**Extracted entries:**
== Segment start ==

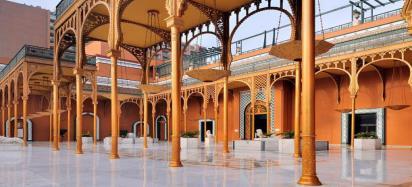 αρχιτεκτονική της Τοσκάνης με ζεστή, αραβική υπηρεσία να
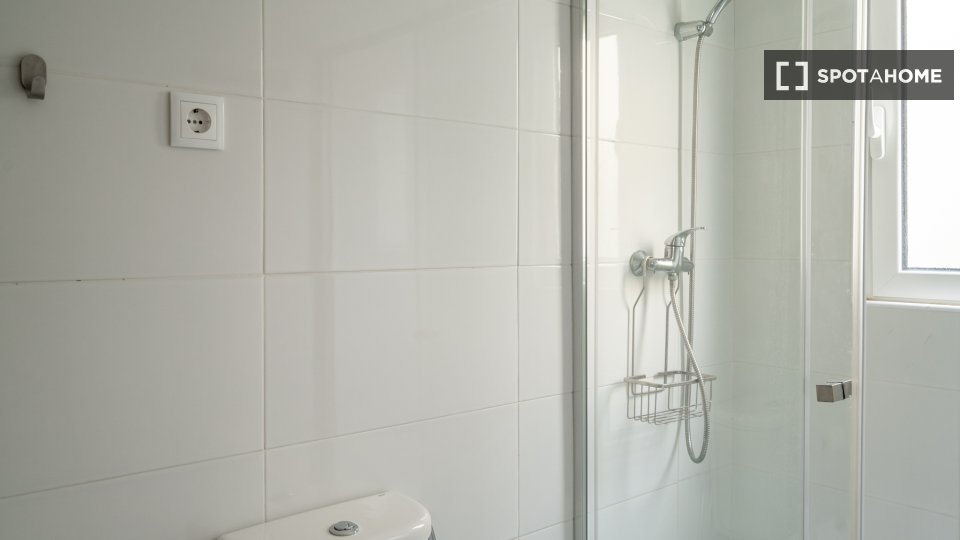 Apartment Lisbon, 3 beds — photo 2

== Segment end ==
== Segment start ==

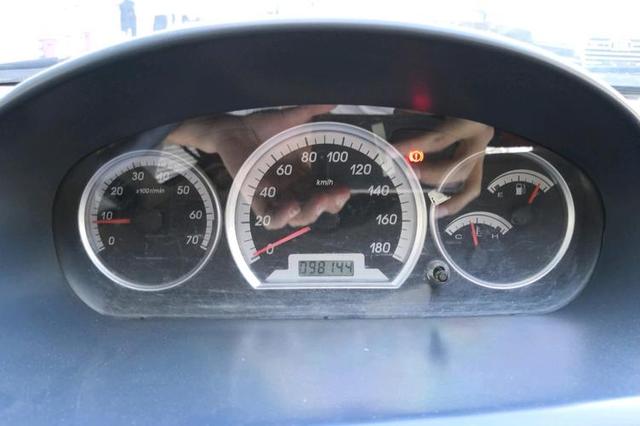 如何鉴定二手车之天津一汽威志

== Segment end ==

**About this task:**
Print from the line containing "αρχιτεκτονική της Τοσκάνης" through the line containing "Apartment Lisbon, 3 beds — photo 2" in the data above, exactly as the lines stand, and omit every picture.

**Solution for this task:**
 αρχιτεκτονική της Τοσκάνης με ζεστή, αραβική υπηρεσία να
 Apartment Lisbon, 3 beds — photo 2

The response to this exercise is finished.